The story of hominid evolution is told in a variety of places. The text drums the slogan: The exaptation of the hand for talking coincided with the evolution of the Homo genus. The exaptation of the vocal tract for talking (in addition to hand talk) coincided with the evolution of Homo sapiens. (In Evolution and the Sin in Eden, Zimmerman agrees with the latter statement.)
However, there are vignettes that point to Chapter 1 of Genesis. In particular, Sarah’s Mother says that the evolution of the Homo genus reminds her of the “intention of man”, the “creation of man” reminds her of the evolution of Homo sapiens, and one of the final verse, “give plants to the animals”, reminds her of the adoption of stockbreeding at the dawn of the Developed Neolithic. What a clever gal. With her intuition, An Archaeology of the Fall points to how Genesis 1 magically parallels the origin – er, evolution – of the human race. The maligned word “concordism” is qualified by her aesthetic intuition. Here is an “artistic” concordism.
An account of “the origin of the chosen people” is performed (by Mom, again) in chapter 13C. In light of the possibility that the Torah was stitched together right before the fall of Judah, then laid out as a quilt to greet the returning exiles, we might think of the origin of the Jews this way: Within the territory of Judah and Israel, popular stories of an “Abraham”, a person who came out of a Mesopotamian tradition before Babylonia even existed, combined with the Near Eastern traditions of genealogies (which are basically “lists”, see Jack Goody), could have served as nucleation sites for all the stories of Genesis.
In other words, all the Genesis stories, including the two versions of Noah and the Flood, along with the genealogies, the stories of Adam and Eve, Cain and Abel, Isaac, Jacob, Joseph, and so forth, could have been “popular stories” that fit together like pieces of a puzzle when Josiah’s elite band of scribes realized that the stories of Abraham were a lynchpin that allowed them to portray themselves as coming out of both Mesopotamia and Egypt, which, by God, they did.
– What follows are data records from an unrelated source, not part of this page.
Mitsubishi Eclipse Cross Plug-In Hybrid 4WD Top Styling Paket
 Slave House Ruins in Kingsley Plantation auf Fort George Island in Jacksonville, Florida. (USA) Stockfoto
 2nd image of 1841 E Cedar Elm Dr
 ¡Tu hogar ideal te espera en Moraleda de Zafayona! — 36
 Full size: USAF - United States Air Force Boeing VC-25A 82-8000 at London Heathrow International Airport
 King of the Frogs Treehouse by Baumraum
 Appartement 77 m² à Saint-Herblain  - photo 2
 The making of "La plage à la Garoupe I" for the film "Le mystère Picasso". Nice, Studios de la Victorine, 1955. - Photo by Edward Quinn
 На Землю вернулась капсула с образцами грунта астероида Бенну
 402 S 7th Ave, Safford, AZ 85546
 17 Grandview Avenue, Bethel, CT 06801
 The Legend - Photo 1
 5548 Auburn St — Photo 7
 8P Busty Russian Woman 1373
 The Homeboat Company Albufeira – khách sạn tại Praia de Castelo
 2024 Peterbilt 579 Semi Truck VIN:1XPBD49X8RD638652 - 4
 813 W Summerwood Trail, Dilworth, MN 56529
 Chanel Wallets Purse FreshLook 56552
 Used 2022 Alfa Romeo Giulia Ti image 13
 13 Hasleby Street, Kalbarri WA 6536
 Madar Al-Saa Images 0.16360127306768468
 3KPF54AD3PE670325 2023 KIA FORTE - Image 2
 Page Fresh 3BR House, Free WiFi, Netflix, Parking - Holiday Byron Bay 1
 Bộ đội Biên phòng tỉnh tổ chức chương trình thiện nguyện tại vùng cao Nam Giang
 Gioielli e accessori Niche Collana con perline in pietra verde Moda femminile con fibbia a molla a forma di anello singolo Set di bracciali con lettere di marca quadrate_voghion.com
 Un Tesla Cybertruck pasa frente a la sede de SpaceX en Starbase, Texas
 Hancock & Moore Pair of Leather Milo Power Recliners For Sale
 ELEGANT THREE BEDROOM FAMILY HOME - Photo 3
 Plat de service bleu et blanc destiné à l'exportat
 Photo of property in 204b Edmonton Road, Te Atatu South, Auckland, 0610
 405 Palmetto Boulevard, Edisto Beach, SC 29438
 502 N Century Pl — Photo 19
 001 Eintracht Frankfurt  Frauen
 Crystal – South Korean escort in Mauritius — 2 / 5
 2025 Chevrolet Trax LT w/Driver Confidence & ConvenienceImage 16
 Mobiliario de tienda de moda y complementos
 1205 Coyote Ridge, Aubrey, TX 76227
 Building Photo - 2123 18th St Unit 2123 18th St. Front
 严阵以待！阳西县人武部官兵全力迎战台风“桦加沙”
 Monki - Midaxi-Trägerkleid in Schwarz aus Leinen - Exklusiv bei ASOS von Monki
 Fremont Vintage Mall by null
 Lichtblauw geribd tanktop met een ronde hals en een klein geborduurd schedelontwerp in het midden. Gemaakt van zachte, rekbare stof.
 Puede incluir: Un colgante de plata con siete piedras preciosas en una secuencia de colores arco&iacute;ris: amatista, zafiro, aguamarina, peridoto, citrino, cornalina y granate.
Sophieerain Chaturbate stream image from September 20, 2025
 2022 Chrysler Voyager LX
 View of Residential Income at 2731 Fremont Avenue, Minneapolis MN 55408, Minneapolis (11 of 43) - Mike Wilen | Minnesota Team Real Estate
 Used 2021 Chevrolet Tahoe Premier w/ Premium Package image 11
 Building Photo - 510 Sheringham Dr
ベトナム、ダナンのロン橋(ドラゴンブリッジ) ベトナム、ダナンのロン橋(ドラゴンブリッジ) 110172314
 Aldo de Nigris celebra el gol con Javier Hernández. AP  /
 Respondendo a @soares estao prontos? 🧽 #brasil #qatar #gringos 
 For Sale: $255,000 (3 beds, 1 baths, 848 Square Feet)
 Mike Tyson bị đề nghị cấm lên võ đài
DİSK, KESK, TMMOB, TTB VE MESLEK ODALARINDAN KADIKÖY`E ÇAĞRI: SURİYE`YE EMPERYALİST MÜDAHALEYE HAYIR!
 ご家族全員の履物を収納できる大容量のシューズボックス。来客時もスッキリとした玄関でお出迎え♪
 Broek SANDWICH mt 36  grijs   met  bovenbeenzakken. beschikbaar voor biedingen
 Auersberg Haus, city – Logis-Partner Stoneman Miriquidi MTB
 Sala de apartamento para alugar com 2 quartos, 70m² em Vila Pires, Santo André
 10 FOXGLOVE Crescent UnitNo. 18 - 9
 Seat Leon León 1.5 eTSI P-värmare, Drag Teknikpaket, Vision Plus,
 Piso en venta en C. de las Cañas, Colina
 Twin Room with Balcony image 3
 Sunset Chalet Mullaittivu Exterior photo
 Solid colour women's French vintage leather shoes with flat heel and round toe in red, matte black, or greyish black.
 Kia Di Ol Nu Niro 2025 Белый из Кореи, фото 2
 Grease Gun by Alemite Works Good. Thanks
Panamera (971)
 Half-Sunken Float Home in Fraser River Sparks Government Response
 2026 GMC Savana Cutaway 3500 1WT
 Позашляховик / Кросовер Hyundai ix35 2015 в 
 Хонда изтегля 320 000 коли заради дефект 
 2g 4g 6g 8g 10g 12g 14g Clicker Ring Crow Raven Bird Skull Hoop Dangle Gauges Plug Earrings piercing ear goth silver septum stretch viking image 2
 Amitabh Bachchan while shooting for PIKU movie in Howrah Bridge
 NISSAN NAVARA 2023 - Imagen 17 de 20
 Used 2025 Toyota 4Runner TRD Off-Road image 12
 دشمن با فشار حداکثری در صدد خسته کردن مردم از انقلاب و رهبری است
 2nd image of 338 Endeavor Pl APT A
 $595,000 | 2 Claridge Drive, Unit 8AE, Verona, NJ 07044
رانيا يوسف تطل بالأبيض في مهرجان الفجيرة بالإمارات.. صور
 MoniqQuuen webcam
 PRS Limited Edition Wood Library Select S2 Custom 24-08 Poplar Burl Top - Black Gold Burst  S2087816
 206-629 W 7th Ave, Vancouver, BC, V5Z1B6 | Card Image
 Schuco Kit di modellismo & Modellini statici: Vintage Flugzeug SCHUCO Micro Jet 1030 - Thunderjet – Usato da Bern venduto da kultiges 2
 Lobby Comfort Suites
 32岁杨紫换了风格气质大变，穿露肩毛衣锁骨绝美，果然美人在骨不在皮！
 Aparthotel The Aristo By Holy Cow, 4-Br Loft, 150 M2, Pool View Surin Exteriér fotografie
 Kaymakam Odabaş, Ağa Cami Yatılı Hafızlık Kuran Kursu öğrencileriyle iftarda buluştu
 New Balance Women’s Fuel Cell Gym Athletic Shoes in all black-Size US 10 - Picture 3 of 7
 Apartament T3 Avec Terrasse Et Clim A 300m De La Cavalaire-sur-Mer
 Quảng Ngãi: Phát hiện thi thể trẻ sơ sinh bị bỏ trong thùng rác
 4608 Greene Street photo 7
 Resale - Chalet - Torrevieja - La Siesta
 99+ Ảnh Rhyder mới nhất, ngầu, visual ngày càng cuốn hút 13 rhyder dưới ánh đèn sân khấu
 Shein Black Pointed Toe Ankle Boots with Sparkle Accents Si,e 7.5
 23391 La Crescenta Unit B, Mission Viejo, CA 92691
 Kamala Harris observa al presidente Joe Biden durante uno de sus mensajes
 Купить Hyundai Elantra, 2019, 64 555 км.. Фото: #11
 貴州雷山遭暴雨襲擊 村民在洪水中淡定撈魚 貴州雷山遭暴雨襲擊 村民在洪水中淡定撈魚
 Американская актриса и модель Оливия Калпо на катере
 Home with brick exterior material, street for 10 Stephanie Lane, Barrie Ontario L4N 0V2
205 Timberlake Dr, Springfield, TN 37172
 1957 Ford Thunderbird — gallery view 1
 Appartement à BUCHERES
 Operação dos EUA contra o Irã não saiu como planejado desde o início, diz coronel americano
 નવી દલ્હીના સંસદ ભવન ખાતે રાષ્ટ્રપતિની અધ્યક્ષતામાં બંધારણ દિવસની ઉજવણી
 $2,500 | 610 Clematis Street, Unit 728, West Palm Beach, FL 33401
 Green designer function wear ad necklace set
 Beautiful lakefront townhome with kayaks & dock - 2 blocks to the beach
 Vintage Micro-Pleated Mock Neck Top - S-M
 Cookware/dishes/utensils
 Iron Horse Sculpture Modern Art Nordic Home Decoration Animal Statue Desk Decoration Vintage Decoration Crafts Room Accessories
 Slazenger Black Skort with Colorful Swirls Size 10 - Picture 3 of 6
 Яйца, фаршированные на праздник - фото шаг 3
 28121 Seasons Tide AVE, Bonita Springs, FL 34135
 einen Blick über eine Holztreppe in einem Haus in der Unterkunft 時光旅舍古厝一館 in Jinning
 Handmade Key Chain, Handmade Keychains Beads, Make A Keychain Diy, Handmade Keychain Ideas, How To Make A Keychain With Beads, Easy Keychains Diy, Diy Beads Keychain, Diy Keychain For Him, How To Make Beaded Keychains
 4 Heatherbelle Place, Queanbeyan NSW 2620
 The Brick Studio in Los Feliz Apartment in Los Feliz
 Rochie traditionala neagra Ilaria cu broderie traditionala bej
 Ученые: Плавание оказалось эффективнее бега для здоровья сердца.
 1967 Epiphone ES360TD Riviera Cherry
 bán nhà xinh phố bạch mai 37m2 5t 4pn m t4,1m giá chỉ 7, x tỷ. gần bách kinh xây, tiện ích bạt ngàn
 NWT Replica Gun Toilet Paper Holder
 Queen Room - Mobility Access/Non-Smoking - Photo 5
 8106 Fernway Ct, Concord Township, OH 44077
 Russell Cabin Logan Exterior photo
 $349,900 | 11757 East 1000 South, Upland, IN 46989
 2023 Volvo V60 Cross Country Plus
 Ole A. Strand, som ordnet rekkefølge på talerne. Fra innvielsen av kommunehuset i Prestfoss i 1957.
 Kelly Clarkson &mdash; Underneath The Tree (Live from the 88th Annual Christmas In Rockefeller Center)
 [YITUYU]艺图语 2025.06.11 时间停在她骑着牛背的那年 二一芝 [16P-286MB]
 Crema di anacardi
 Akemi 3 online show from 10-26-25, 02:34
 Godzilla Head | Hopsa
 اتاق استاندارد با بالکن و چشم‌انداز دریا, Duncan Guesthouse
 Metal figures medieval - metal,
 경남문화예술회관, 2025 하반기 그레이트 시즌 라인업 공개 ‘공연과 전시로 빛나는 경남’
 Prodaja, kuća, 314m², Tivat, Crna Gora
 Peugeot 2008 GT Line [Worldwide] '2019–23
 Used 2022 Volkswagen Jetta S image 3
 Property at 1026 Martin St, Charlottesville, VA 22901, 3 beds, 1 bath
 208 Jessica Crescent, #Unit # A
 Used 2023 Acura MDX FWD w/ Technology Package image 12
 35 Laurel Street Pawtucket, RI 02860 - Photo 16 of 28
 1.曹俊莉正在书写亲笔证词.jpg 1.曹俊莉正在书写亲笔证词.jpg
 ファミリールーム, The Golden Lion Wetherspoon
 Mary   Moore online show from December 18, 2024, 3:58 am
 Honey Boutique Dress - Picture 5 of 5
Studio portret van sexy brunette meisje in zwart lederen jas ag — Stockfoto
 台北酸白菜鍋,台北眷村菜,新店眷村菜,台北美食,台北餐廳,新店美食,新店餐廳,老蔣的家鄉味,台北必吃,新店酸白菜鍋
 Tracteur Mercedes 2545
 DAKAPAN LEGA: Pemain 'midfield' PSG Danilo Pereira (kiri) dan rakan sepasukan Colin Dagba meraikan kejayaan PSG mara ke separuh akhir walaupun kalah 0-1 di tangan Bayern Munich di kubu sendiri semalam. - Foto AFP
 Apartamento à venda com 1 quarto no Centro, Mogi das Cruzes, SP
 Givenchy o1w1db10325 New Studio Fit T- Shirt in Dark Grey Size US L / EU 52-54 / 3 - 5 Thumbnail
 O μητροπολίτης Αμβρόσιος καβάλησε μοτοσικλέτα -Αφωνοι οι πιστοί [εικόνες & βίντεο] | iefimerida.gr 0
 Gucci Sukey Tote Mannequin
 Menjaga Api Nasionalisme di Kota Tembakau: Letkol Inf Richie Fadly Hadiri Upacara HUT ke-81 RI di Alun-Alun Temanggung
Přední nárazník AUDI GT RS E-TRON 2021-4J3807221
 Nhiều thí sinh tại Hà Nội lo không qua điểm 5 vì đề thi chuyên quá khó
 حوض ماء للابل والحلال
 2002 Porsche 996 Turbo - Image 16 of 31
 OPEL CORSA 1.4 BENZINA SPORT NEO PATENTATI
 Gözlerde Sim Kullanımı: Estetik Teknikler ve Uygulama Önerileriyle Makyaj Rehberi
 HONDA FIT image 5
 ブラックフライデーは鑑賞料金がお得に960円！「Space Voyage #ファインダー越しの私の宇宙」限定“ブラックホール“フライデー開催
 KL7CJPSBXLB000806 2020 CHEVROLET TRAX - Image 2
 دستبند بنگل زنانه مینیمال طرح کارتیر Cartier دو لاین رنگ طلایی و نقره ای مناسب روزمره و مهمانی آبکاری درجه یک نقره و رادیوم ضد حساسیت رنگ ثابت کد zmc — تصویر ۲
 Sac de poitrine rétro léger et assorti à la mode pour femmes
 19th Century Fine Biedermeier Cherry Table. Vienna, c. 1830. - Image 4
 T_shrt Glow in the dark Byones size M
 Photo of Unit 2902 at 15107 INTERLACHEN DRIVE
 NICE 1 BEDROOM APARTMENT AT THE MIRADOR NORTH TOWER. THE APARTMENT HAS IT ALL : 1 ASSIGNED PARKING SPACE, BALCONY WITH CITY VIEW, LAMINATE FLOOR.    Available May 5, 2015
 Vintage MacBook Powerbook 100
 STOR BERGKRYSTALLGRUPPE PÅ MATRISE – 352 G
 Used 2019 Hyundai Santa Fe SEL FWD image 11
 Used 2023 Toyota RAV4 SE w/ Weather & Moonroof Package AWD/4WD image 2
Or maybe, the scribes just copied what the bards were already singing.
The divine irony is that the picture held by the puzzle became real (just as the serpent became real in An Archaeology of the Fall, not by Eve’s doing alone, but through what the Zygon folk call “co-creation”). The picture became convincing enough for the chosen people to settle down in this beautiful, sublime and monstrously real theo-dramatic landscape. And now, after we – the heirs of Judaic philo-theos and Greek philo-sophia – have started to delineate the edges of the pieces of the puzzle, surprise! The stories of Adam and Eve become a new lynchpin.
With An Archaeology of the Fall, the Creation Story (Genesis 1-2.3) and the stories of Adam and Eve (Genesis 2.4 – on) touch base with both the familiar evolutionary point of view of human origins and a novel “scientific” perspective, in as much as semiotics and human prehistory could ever be constituted as “science”. In doing so, they (as Pope Pius XII put it) “disclose important truths, upon which the attainment of our eternal salvation depends, and they also give a popular description of the origin of the human race and of the chosen people.”